By: Danielle Fortin, International Coordinator
Meet Joshua Wanambwa. He’s 18 years old and lives a 20-minute walk from Arlington Junior School. Last December as he returned home from boarding school, he went to get water for his family at the regular fresh-water well that usually services his village and four other villages nearby. He found it broken and unable to provide clean water for the hundreds of people who normally rely on it.
First, he asked about the local authority’s response to the situation. He was told that the well wouldn’t be fixed until at least next year. But this is so urgent, he thought. So he took matters into his own hands.
“We cannot wait for the government,” says Joshua. “I believe we can find a solution to our own problems instead of waiting for someone else.”
As a student who didn’t have the money to fix the well himself, Joshua tried to get the community involved. He went door to door in each of the villages that gets water from that source. He recommended that each person contribute at least 1,000UGX ( or 30 cents USD).
Going into this initiative, Joshua was very confident that the community would cooperate and give to help themselves. He quickly found the community members’ reaction to be mixed, and most were unwilling or unable to help.

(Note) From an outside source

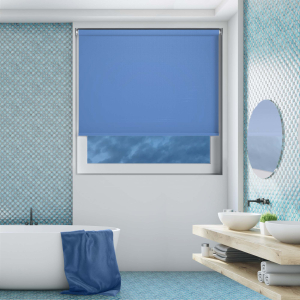 Shower Safe Blue Cordless Roller Blinds
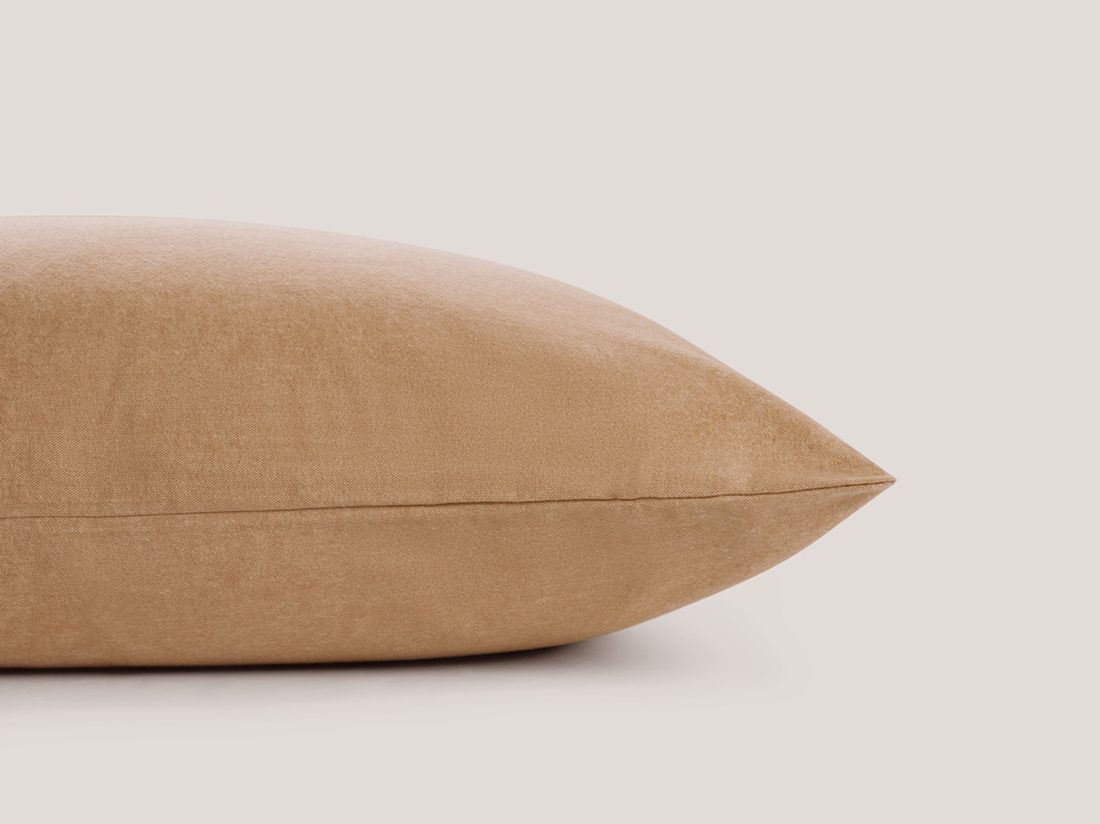 Taie d'oreiller flanelle de coton miel chambray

“It was tough when money was not coming and looking at the budget I drew up, we were far, far below the target,” says Joshua. “I was beginning to give up because people give you negative responses and you think ‘Oh, I should just give back all the money.’ But I had a goal, and I knew it should be finished before I go back (to school). I had read in the newspapers that there was hepatitis and cholera going around, so I knew that if it affected this well, it would affect all of us.”

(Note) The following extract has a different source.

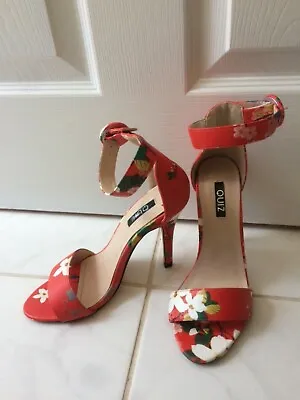 Quiz Shoes. Quiz Red Floral Sandals. Quiz Floral Red Heels. Size 4 Size 37 • £17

Walking to and talking to each household took all of December and almost all of January, which was basically Joshua’s whole holiday home from secondary school. By the end of the holiday he had raised enough money to buy three sacks of cement and additional materials and tools. He recruited a local contractor, a local chairperson, and some boys from the surrounding area, and together they mixed the cement and fixed the well themselves.

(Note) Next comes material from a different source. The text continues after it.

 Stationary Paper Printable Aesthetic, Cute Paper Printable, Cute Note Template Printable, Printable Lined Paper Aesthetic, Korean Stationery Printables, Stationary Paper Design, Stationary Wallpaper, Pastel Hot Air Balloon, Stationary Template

Today the 80 to 100 families (in addition to the families of Arlington teachers) who use the well again have access to water! Not only did Joshua help to bring water closer to families, but he also helped prevent a cholera or hepatitis outbreak. He also helped prove to his community what can be done if you work together.
“Working on the well was one of my most happy days on earth,” says Joshua. “It gives me joy every time I pass by it. I am thankful I had the ability to convince other people to do the right thing. I don’t need to build another Arlington, but I believe that it was a small thing I could do for my society at the time.”